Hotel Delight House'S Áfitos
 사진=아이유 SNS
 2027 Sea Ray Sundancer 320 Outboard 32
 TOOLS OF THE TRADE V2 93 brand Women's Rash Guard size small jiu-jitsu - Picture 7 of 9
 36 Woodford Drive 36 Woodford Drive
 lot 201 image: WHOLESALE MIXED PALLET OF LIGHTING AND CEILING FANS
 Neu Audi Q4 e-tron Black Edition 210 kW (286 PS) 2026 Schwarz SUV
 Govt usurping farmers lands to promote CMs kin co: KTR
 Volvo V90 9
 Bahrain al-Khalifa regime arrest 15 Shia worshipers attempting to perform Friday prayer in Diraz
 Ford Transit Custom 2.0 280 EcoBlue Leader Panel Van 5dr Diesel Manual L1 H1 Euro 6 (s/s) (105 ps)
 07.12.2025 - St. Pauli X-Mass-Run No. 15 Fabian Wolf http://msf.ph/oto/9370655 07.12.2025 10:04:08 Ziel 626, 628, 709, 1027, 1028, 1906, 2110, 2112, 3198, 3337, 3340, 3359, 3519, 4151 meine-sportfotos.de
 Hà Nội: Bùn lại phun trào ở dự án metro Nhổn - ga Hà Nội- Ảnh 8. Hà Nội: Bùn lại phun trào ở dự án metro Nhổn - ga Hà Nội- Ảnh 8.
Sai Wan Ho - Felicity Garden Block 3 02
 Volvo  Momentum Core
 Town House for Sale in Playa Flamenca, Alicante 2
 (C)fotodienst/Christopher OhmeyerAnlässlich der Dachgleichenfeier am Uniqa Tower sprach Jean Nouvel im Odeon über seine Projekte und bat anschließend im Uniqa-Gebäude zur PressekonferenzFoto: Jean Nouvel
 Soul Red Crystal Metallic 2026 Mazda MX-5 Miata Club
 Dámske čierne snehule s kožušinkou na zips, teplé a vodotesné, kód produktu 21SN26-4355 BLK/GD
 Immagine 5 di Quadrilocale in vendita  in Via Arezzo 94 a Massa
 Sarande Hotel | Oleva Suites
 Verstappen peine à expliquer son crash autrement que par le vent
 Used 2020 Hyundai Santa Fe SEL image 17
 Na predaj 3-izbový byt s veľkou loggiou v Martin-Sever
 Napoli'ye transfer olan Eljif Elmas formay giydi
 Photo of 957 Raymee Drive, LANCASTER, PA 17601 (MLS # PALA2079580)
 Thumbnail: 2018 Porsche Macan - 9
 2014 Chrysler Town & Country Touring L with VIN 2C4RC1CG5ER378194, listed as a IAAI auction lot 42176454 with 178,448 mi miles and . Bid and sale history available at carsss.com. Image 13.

================

- _EXERCISE DETAILS_
In the entries above, find the line holding "2027 Sea Ray Sundancer 320 Outboard 32" and the line holding "Town House for"; print both of them and every line between, exactly, and nothing else.

- _ANSWER BOX_
 2027 Sea Ray Sundancer 320 Outboard 32
 TOOLS OF THE TRADE V2 93 brand Women's Rash Guard size small jiu-jitsu - Picture 7 of 9
 36 Woodford Drive 36 Woodford Drive
 lot 201 image: WHOLESALE MIXED PALLET OF LIGHTING AND CEILING FANS
 Neu Audi Q4 e-tron Black Edition 210 kW (286 PS) 2026 Schwarz SUV
 Govt usurping farmers lands to promote CMs kin co: KTR
 Volvo V90 9
 Bahrain al-Khalifa regime arrest 15 Shia worshipers attempting to perform Friday prayer in Diraz
 Ford Transit Custom 2.0 280 EcoBlue Leader Panel Van 5dr Diesel Manual L1 H1 Euro 6 (s/s) (105 ps)
 07.12.2025 - St. Pauli X-Mass-Run No. 15 Fabian Wolf http://msf.ph/oto/9370655 07.12.2025 10:04:08 Ziel 626, 628, 709, 1027, 1028, 1906, 2110, 2112, 3198, 3337, 3340, 3359, 3519, 4151 meine-sportfotos.de
 Hà Nội: Bùn lại phun trào ở dự án metro Nhổn - ga Hà Nội- Ảnh 8. Hà Nội: Bùn lại phun trào ở dự án metro Nhổn - ga Hà Nội- Ảnh 8.
Sai Wan Ho - Felicity Garden Block 3 02
 Volvo  Momentum Core
 Town House for Sale in Playa Flamenca, Alicante 2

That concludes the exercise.